■ Records for processing
------------------------------
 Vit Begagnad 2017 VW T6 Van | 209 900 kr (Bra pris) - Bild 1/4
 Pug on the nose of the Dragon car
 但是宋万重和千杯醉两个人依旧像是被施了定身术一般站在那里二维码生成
------------------------------
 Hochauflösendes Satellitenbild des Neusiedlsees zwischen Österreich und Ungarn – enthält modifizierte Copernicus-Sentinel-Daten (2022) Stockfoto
------------------------------
■ Aim of the task
In the entries above, find the line with "Pug on the nose of the Dragon car" and the line with "但是宋万重和千杯醉两个人依旧像是被施了定身术一般站在那里二维码生成", then restate word for word both of them and every line between, with nothing more.

■ Response
 Pug on the nose of the Dragon car
 但是宋万重和千杯醉两个人依旧像是被施了定身术一般站在那里二维码生成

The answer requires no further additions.